Your instructions: All that is needed is the line containing "Amber digital-clock letters" together with each line after it, transcribed exactly to the end of the records.

Task data:
——
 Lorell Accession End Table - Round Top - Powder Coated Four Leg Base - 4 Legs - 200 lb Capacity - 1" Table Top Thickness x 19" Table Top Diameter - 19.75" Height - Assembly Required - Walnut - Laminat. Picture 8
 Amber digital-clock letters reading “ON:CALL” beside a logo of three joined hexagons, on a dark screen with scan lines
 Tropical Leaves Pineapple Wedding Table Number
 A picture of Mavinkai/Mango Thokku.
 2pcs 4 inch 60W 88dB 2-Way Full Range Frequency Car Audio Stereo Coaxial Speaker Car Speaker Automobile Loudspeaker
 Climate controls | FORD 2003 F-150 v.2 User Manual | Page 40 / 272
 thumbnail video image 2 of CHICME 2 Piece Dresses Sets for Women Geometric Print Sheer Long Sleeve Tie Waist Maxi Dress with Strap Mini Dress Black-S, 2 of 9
——
Task solution:
 Amber digital-clock letters reading “ON:CALL” beside a logo of three joined hexagons, on a dark screen with scan lines
 Tropical Leaves Pineapple Wedding Table Number
 A picture of Mavinkai/Mango Thokku.
 2pcs 4 inch 60W 88dB 2-Way Full Range Frequency Car Audio Stereo Coaxial Speaker Car Speaker Automobile Loudspeaker
 Climate controls | FORD 2003 F-150 v.2 User Manual | Page 40 / 272
 thumbnail video image 2 of CHICME 2 Piece Dresses Sets for Women Geometric Print Sheer Long Sleeve Tie Waist Maxi Dress with Strap Mini Dress Black-S, 2 of 9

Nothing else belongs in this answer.